Application of Isobaric Tags for Relative and Absolute Quantification (iTRAQ) Coupled with Two-Dimensional Liquid Chromatography/Tandem Mass Spectrometry in Quantitative Proteomic Analysis for Discovery of Serum Biomarkers for Idiopathic Pulmonary Fibrosis.

BACKGROUND The present study was performed to explore the presence of informative protein biomarkers of human serum proteome in idiopathic pulmonary fibrosis (IPF). MATERIAL AND METHODS Serum samples were profiled using iTRAQ coupled with two-dimensional liquid chromatography/tandem mass spectrometry (2D-LC-MS/MS) technique, and ELISA was used to validate candidate biomarkers. RESULTS A total of 394 proteins were identified and 97 proteins were associated with IPF. Four biomarker candidates generated from iTRAQ experiments - CRP, fibrinogen-α chain, haptoglobin, and kininogen-1 - were successfully verified using ELISA. CONCLUSIONS The present study demonstrates that levels of CRP and fibrinogen-a are higher and levels of haptoglobin and kininogen-1 are lower in patients with IPF compared to levels in healthy controls. We found they are useful candidate biomarkers for IPF.

Background

Idiopathic pulmonary fibrosis (IPF), a progressive lethal interstitial lung disease of unknown etiology, primarily affects older adults, leading to a progressive decline in lung function and quality of life [1-4]. IPF is characterized by progressive scarring of the lung parenchyma, which leads to dyspnea and eventual respiratory failure.

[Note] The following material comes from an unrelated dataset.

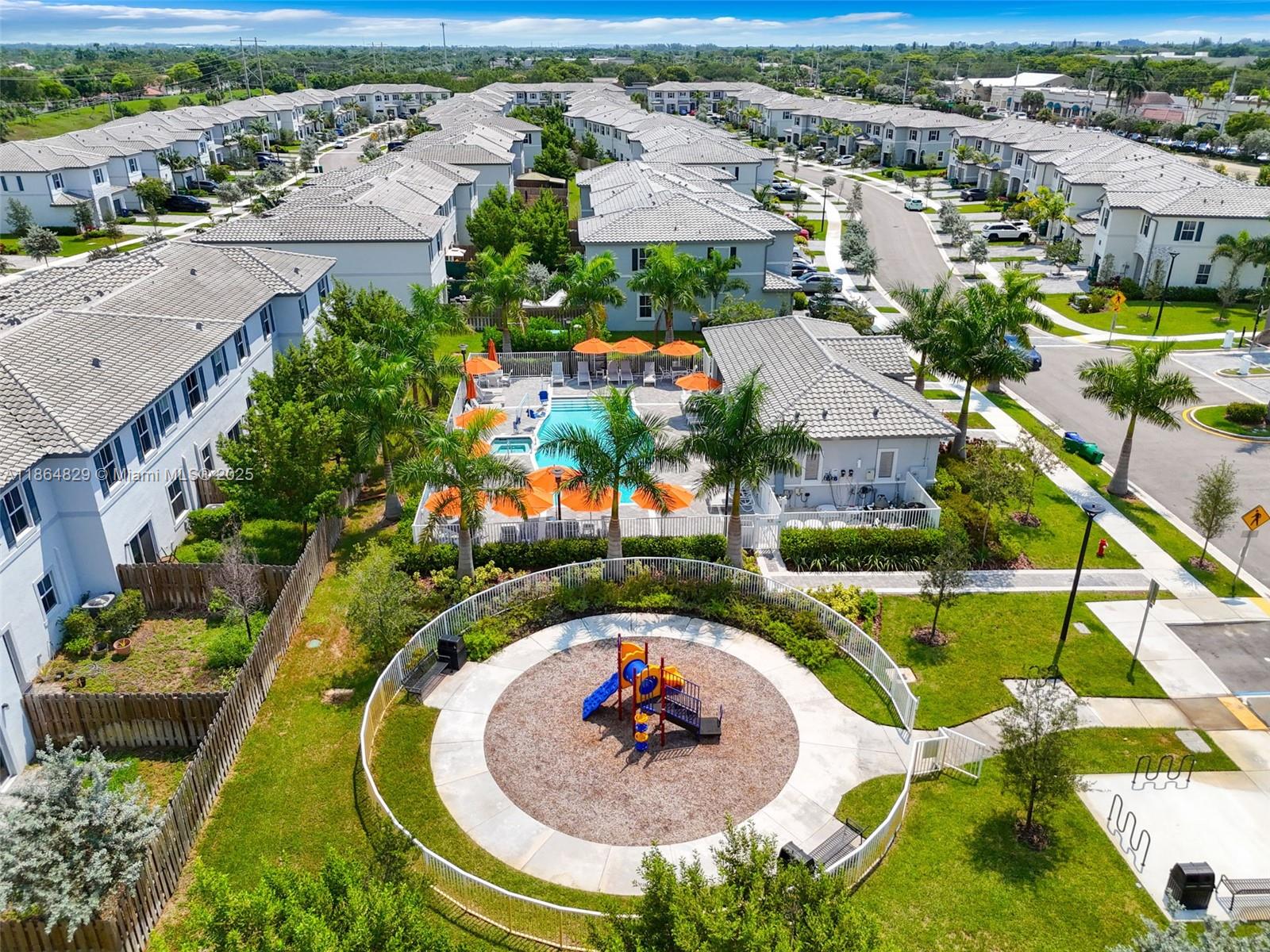 WINDSOR SQUARE - Residential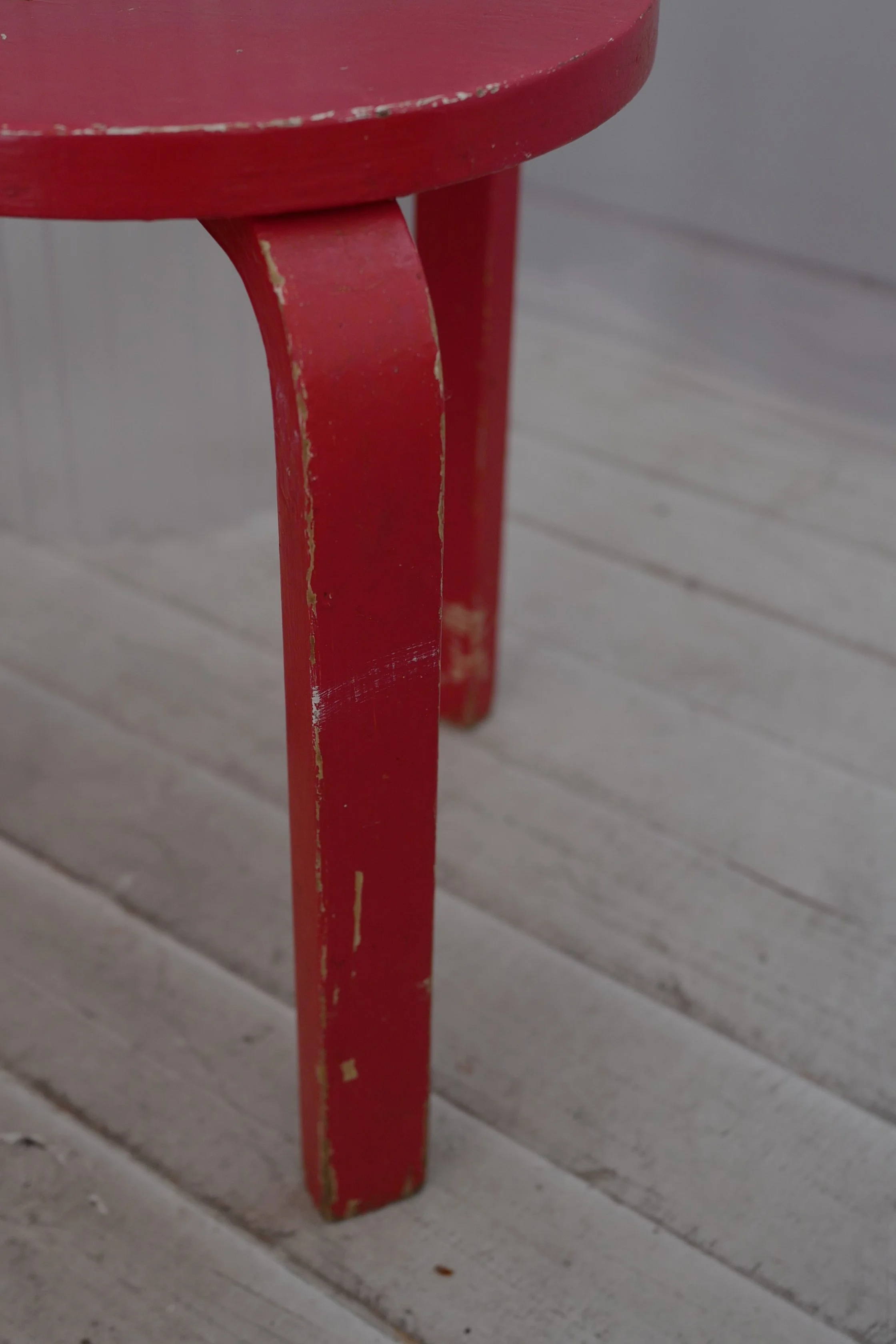Alvar Aalto stool60 painted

However, there are no established drug therapies because suitable symptoms for initiating therapy, best candidates for treatment, and conceivable role for combinatory therapies are still controversial [5,6]. Despite recently approved medical therapies, IPF has a very poor prognosis, with most patients dying within 5 years of diagnosis [7-11]. Early diagnosis of IPF is difficult. High-resolution computed tomography (HRCT), surgical lung biopsy, and multi-disciplinary team assessment play important roles in the diagnosis of IPF [12]. However, patients with atypical HRCT features require a surgical lung biopsy [13]. The availability of novel effective therapies [14], coupled with the limitations of traditional therapeutic combinations [15-17], have increased the urgency of accurate diagnosis of IPF. It is thus not surprising that great effort has been made to identify methods and biomarkers for reliable prognosis, and to support appropriate treatment regimens [18].

Biomarkers for IPF are urgently needed as predictors of the progression and treatment response of the disease [19]. Molecular markers from circulating (e.g., blood) or lung-specific samples have been used to improve diagnostic and prognostic accuracy. Recent studies have identified several specific genetic variants that confer risks for the development of IPF [20,21]. Most of the studied biomarkers are used as disease prognosticators rather than disease-specific diagnostic tools [22]. Accurate and timely diagnosis is imperative.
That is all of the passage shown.